##### Dataset excerpts #####
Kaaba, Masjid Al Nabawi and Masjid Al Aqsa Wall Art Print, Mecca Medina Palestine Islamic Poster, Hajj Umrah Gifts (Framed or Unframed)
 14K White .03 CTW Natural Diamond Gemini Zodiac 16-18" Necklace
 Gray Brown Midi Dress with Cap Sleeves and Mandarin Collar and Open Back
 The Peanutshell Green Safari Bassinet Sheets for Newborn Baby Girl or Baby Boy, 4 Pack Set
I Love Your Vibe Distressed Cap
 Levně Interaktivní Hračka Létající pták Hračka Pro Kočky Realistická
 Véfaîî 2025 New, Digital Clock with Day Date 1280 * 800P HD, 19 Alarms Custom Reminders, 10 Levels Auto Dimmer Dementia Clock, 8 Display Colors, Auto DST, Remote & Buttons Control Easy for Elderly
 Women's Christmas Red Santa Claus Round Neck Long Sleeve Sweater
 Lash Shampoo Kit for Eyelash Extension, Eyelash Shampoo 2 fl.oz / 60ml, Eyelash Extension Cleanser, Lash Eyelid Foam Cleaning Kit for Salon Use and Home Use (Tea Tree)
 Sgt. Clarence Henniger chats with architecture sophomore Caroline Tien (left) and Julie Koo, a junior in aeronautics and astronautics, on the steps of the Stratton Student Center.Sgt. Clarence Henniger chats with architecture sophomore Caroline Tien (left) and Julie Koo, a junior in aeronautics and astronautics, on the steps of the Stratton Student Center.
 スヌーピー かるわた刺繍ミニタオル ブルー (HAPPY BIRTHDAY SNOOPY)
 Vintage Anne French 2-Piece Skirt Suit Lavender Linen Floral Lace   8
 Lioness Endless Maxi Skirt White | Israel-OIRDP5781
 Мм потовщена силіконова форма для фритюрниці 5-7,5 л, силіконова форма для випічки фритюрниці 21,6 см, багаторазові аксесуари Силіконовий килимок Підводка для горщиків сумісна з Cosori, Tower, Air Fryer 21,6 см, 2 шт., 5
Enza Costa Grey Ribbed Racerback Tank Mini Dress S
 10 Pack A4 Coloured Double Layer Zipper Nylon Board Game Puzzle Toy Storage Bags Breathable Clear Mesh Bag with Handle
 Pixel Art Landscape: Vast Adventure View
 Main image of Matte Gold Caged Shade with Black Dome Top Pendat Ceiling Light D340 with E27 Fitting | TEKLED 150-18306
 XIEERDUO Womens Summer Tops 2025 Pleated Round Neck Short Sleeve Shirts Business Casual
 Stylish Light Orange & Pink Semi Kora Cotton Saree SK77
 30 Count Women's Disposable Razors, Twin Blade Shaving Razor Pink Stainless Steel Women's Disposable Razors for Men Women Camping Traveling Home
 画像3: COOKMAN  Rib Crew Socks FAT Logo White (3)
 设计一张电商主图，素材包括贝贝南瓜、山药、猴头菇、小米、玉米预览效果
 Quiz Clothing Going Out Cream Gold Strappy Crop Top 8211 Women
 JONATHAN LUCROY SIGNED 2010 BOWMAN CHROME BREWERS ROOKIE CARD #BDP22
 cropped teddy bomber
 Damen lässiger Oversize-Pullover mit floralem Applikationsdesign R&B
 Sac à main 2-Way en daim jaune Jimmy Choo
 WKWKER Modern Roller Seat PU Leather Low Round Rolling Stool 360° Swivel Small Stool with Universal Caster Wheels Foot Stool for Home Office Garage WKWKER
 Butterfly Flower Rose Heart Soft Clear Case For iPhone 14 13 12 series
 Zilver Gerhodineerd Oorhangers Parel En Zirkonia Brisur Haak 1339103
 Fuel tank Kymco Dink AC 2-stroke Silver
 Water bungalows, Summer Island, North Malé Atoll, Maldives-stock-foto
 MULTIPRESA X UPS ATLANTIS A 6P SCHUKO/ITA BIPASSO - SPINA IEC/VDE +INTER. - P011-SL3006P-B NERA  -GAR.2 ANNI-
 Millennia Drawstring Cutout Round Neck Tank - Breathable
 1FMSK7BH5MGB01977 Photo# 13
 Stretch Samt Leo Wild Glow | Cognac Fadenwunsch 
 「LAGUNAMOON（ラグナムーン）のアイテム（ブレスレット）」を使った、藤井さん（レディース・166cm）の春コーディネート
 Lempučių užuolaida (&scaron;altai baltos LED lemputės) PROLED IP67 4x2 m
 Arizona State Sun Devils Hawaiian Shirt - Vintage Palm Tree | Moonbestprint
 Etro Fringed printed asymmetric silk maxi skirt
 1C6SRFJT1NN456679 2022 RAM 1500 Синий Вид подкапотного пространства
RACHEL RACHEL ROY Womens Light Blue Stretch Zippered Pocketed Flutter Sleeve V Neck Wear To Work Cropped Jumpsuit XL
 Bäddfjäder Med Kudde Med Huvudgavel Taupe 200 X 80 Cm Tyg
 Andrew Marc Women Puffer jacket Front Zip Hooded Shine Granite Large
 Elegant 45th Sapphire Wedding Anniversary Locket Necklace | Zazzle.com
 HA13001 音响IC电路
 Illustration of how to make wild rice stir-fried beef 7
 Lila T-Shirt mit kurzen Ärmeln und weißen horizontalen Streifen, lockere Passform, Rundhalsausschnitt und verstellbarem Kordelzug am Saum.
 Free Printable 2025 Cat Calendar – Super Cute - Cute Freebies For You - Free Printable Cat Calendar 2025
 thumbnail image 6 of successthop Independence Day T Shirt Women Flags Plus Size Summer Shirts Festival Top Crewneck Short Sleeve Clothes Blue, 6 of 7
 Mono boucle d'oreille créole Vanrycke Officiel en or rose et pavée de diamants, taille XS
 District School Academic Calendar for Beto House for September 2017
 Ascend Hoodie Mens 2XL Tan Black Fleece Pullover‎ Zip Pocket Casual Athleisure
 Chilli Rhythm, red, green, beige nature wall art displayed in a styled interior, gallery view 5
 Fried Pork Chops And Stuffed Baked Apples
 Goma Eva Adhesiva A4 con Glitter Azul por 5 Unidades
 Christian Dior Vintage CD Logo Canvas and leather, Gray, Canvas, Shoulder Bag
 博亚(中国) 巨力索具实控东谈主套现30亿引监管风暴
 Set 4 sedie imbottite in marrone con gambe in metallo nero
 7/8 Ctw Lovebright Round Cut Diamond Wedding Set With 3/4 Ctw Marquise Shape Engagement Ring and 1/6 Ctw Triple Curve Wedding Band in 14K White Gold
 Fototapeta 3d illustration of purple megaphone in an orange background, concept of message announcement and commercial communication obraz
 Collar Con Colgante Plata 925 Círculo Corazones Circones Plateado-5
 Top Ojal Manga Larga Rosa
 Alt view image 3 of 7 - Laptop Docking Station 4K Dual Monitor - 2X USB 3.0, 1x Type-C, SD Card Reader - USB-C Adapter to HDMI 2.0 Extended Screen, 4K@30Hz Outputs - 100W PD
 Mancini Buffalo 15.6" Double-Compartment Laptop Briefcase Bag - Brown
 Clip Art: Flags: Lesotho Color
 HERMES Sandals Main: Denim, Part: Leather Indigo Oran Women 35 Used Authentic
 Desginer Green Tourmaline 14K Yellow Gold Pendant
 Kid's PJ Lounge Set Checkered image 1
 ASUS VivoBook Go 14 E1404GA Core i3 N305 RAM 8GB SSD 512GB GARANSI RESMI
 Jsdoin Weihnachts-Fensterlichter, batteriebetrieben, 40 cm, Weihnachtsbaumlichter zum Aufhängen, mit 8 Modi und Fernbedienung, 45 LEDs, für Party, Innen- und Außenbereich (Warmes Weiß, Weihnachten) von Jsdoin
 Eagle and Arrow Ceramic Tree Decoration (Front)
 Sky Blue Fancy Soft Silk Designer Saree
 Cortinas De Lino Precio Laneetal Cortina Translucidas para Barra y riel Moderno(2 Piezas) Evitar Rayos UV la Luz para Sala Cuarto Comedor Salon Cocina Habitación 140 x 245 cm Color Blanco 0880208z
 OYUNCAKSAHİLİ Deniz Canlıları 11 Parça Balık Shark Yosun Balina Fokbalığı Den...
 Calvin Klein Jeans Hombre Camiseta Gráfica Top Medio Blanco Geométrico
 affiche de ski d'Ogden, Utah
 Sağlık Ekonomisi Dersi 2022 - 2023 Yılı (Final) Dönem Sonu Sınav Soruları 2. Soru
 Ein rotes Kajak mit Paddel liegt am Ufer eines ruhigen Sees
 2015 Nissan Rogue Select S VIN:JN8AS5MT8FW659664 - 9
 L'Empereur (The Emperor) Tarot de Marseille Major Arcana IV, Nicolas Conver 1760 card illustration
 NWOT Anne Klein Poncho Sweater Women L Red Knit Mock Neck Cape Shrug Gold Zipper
#####
Work instructions: Where the listing above reaches the line that contains "7/8 Ctw Lovebright", start retyping, and finish with the line that contains "ASUS VivoBook Go"; reproduce those lines exactly and no others.

Result of this task:
 7/8 Ctw Lovebright Round Cut Diamond Wedding Set With 3/4 Ctw Marquise Shape Engagement Ring and 1/6 Ctw Triple Curve Wedding Band in 14K White Gold
 Fototapeta 3d illustration of purple megaphone in an orange background, concept of message announcement and commercial communication obraz
 Collar Con Colgante Plata 925 Círculo Corazones Circones Plateado-5
 Top Ojal Manga Larga Rosa
 Alt view image 3 of 7 - Laptop Docking Station 4K Dual Monitor - 2X USB 3.0, 1x Type-C, SD Card Reader - USB-C Adapter to HDMI 2.0 Extended Screen, 4K@30Hz Outputs - 100W PD
 Mancini Buffalo 15.6" Double-Compartment Laptop Briefcase Bag - Brown
 Clip Art: Flags: Lesotho Color
 HERMES Sandals Main: Denim, Part: Leather Indigo Oran Women 35 Used Authentic
 Desginer Green Tourmaline 14K Yellow Gold Pendant
 Kid's PJ Lounge Set Checkered image 1
 ASUS VivoBook Go 14 E1404GA Core i3 N305 RAM 8GB SSD 512GB GARANSI RESMI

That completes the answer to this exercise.